Records excerpted from a collection
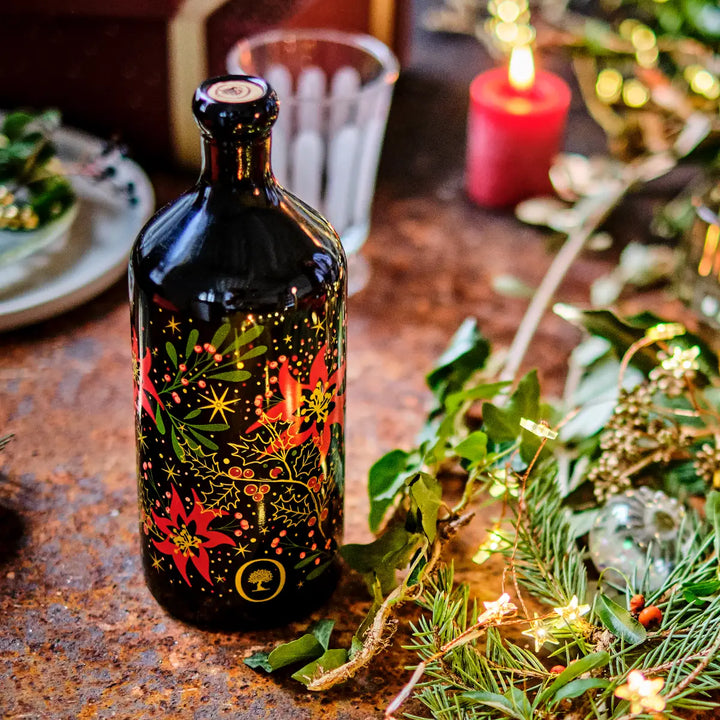 Årets juleolie, smuk flaske til julebordet, italiensk ekstra jomfru olivenolie, Oliviers & Co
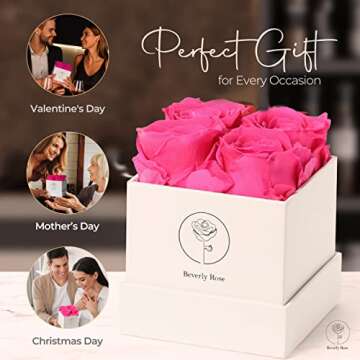 Forever Roses That Last A Year, Preserved Roses For Delivery Prime, Eternity Roses In A Box, Real Flowers In A box, Flowers For Delivery Prime Birthday, Valentines Day, Anniversary, 4 Pcs Pink…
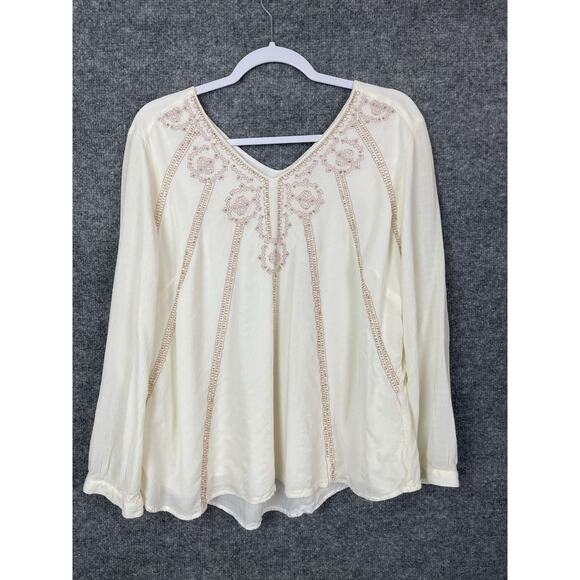 Chico's Tops - Chico's Blouse Women's Size 3 16/18 Cream Color Embroidered Beading Boho Lagon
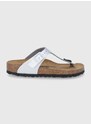 Žabky Birkenstock Gizeh dámské, stříbrná barva, na plochém podpatku, 43853.Gizeh-Silver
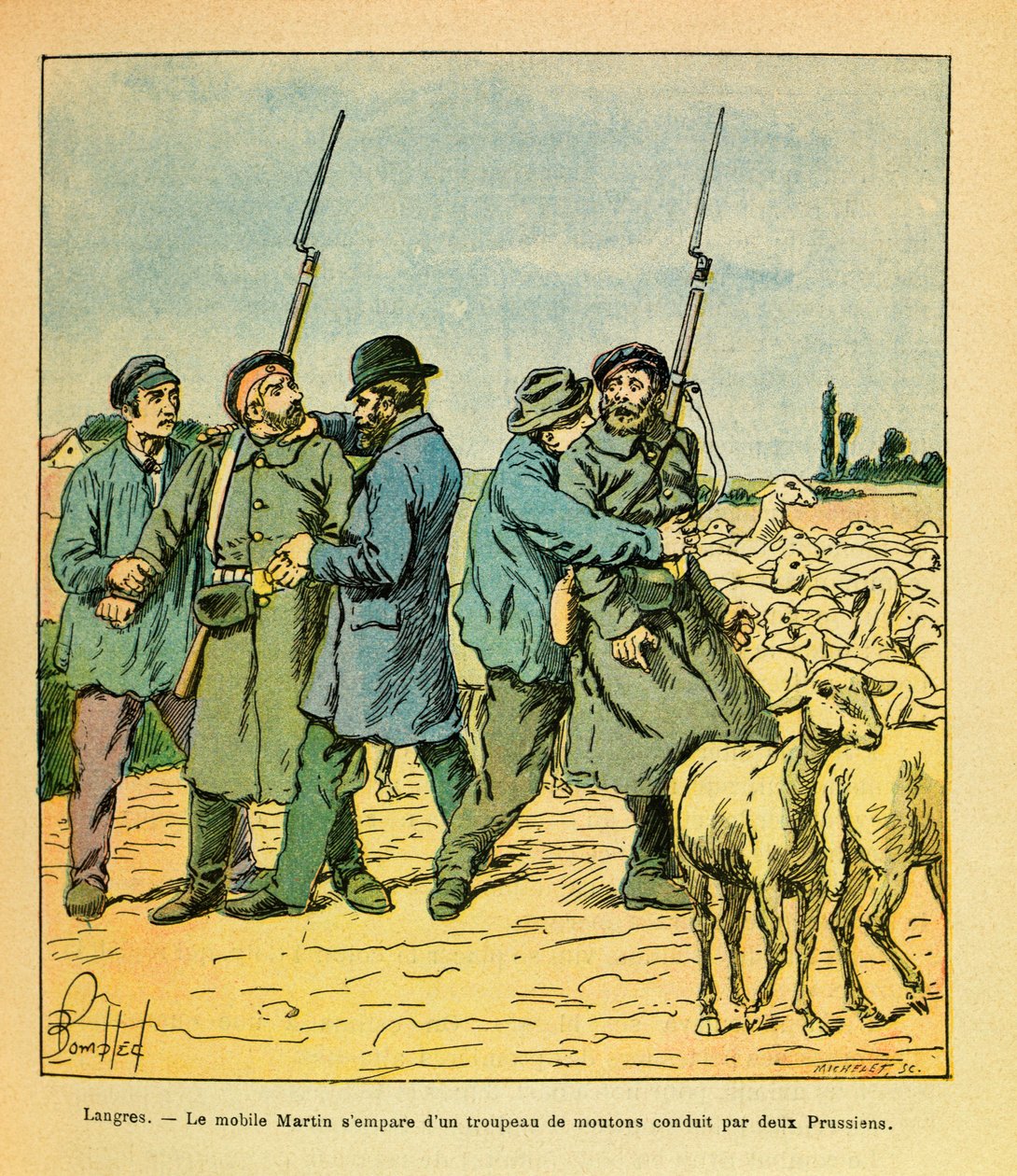The Eastern Armee of Eugene Sergeant, Illustrated by Louis Bombled: The Martin Mobile, Disguised as a Peasant, Seized a Herd of Sheep Led by Two Prussians to Langres in November 1870 by Louis Charles Bombled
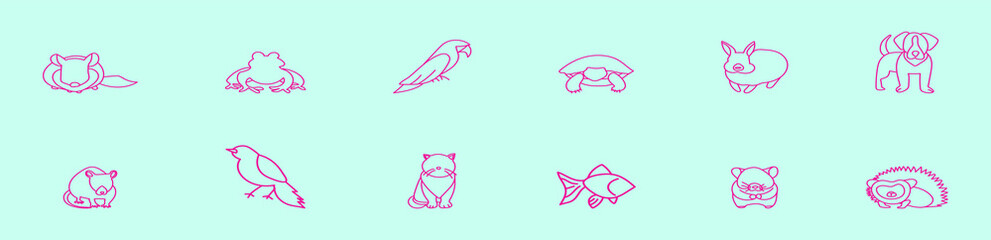 set of animal cartoon icon design template with various bird. vector illustration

- **ASSIGNMENT**
Repeat, with no pictures, each line from the beginning of the data through the line containing "Žabky Birkenstock Gizeh", inclusive.

- **PROBLEM SOLUTION**
 Årets juleolie, smuk flaske til julebordet, italiensk ekstra jomfru olivenolie, Oliviers & Co
 Forever Roses That Last A Year, Preserved Roses For Delivery Prime, Eternity Roses In A Box, Real Flowers In A box, Flowers For Delivery Prime Birthday, Valentines Day, Anniversary, 4 Pcs Pink…
 Chico's Tops - Chico's Blouse Women's Size 3 16/18 Cream Color Embroidered Beading Boho Lagon
 Žabky Birkenstock Gizeh dámské, stříbrná barva, na plochém podpatku, 43853.Gizeh-Silver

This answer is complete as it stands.